(Image-text web data)
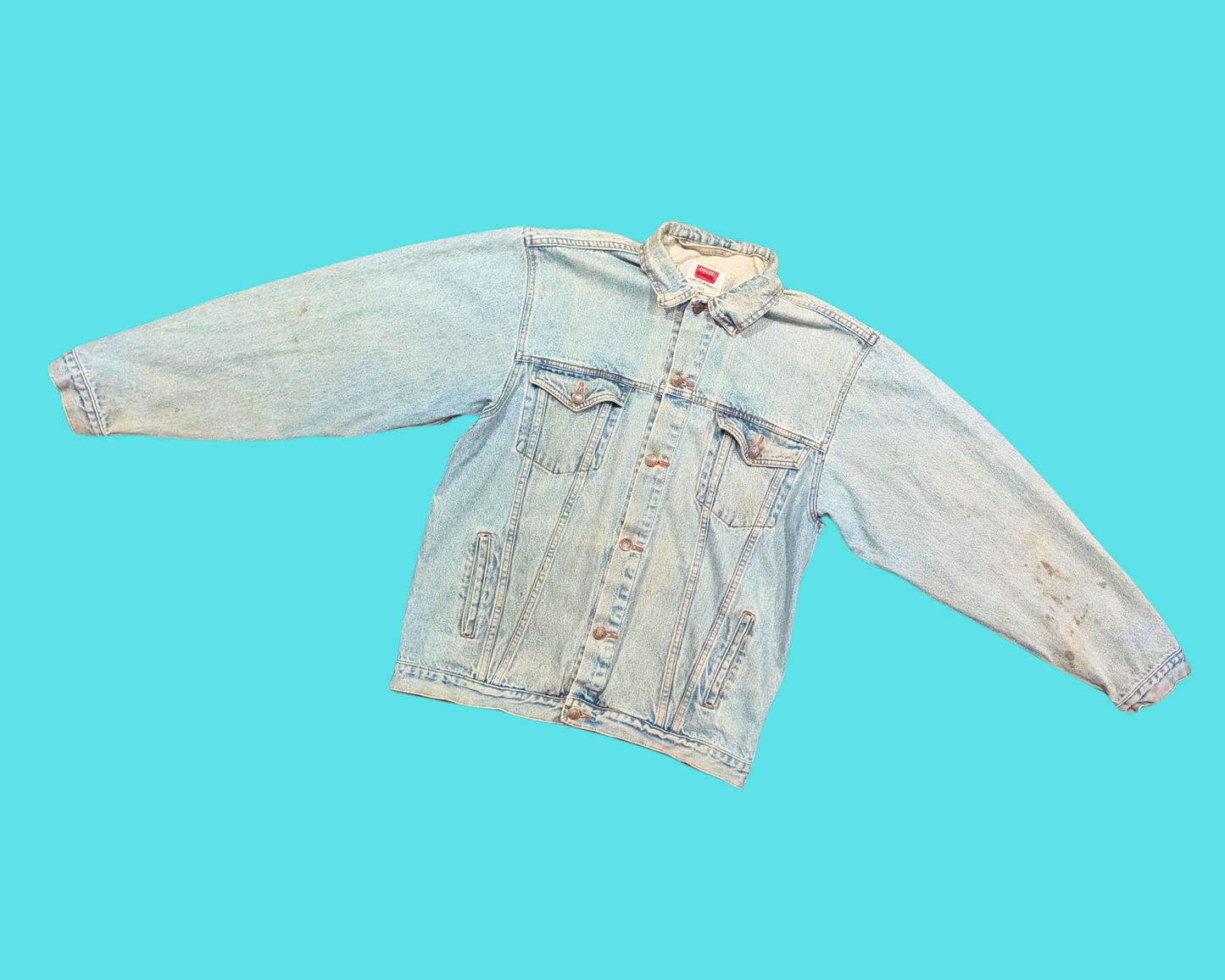 Handmade, Upcycled Denim Jacket with a Simpson T-Shirt Size S for Men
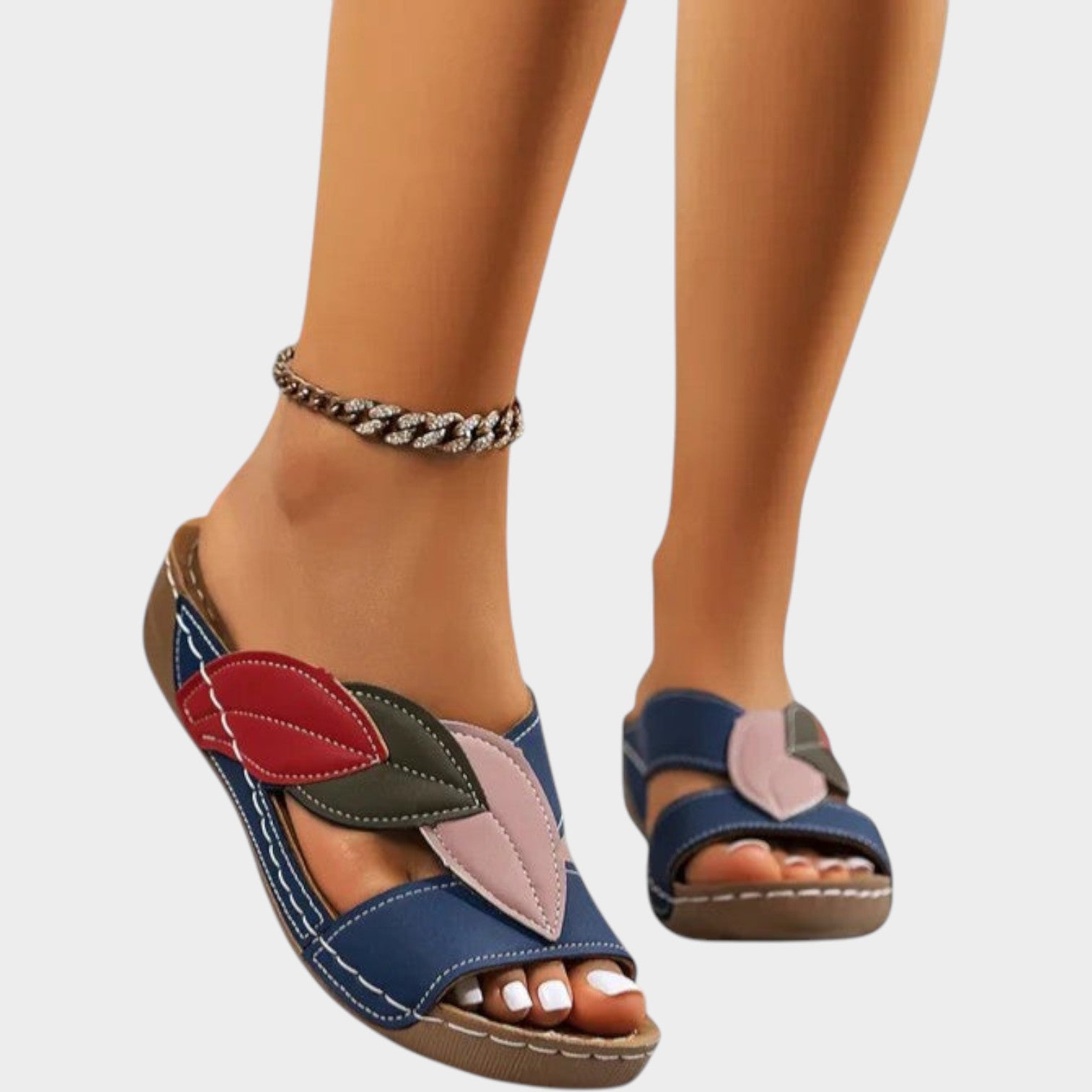 Leaf Detail Comfort Wedge Sandals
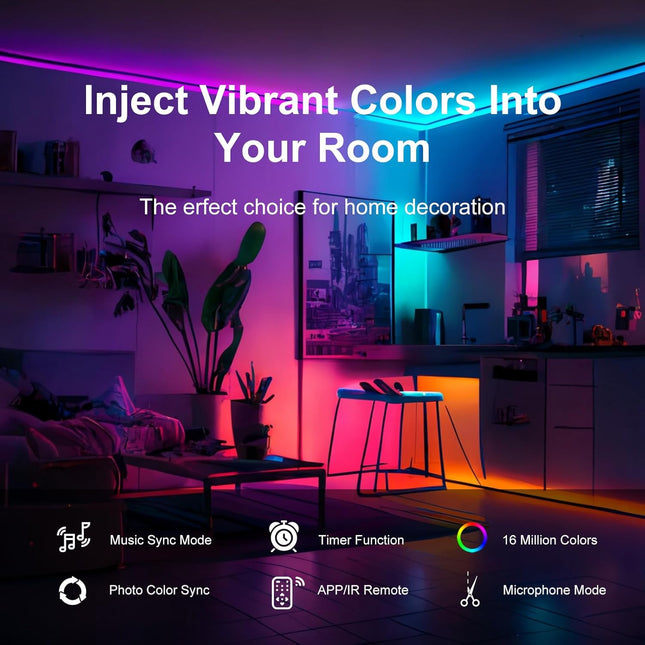 100ft RGB LED Strip Lights – Music Sync, Bluetooth, App & Remote Control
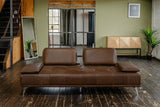 KAWOLA Sofa WIOLO Schlafsofa Daybed Leder dunkelbraun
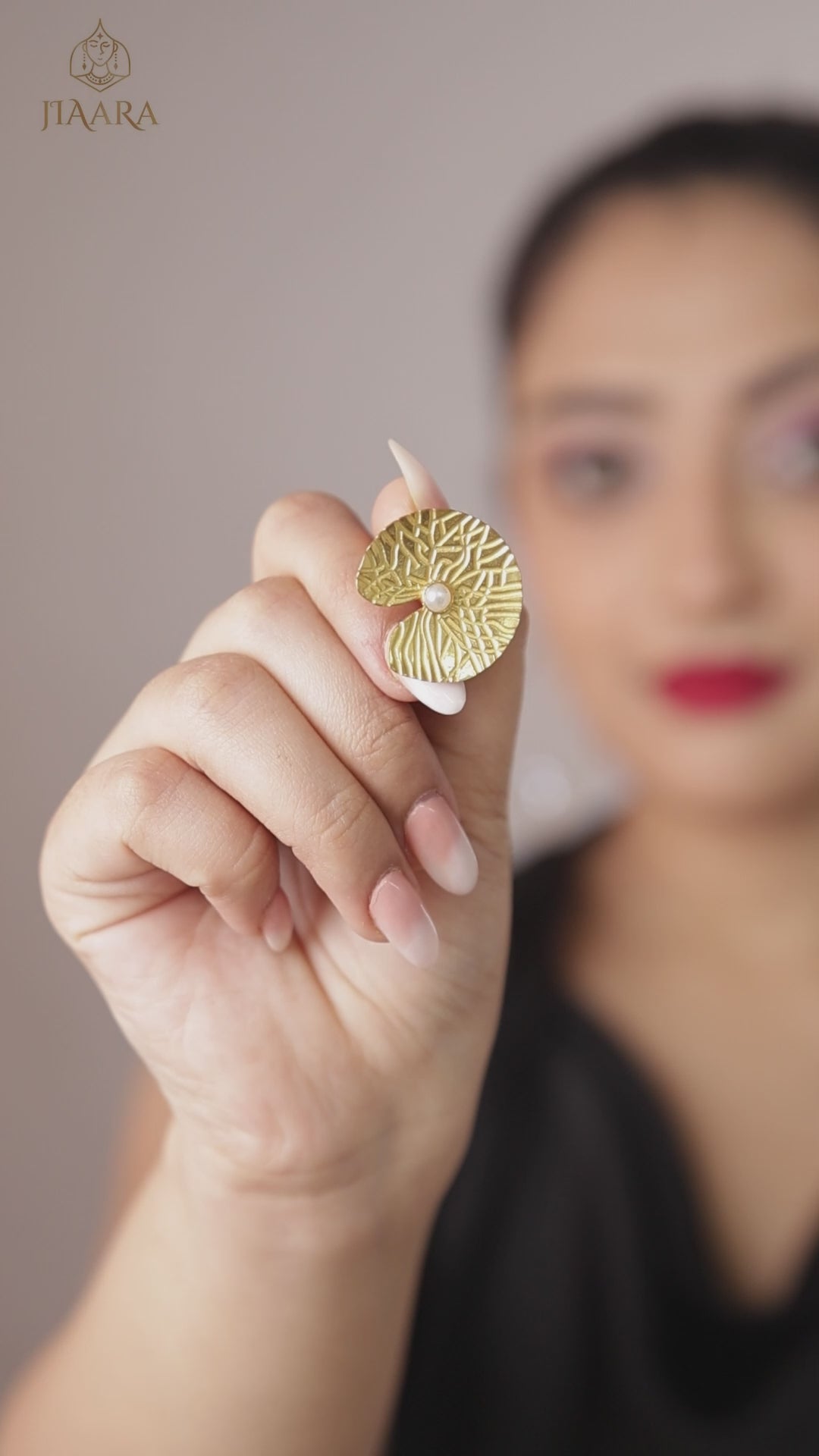 Textured Lotus Leaf Ring
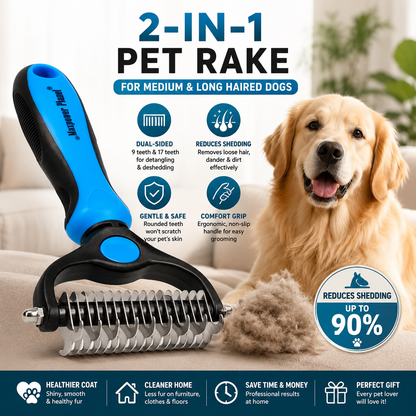 2-in-1 Deshedding & Dematting Pet Brush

WHAT THE TASK ASKS →
Copy the lines exactly. Start at the line with "Leaf Detail Comfort Wedge Sandals", end at the last line above, include both, and omit all pictures.

SOLUTION BELOW →
 Leaf Detail Comfort Wedge Sandals
 100ft RGB LED Strip Lights – Music Sync, Bluetooth, App & Remote Control
 KAWOLA Sofa WIOLO Schlafsofa Daybed Leder dunkelbraun
 Textured Lotus Leaf Ring
 2-in-1 Deshedding & Dematting Pet Brush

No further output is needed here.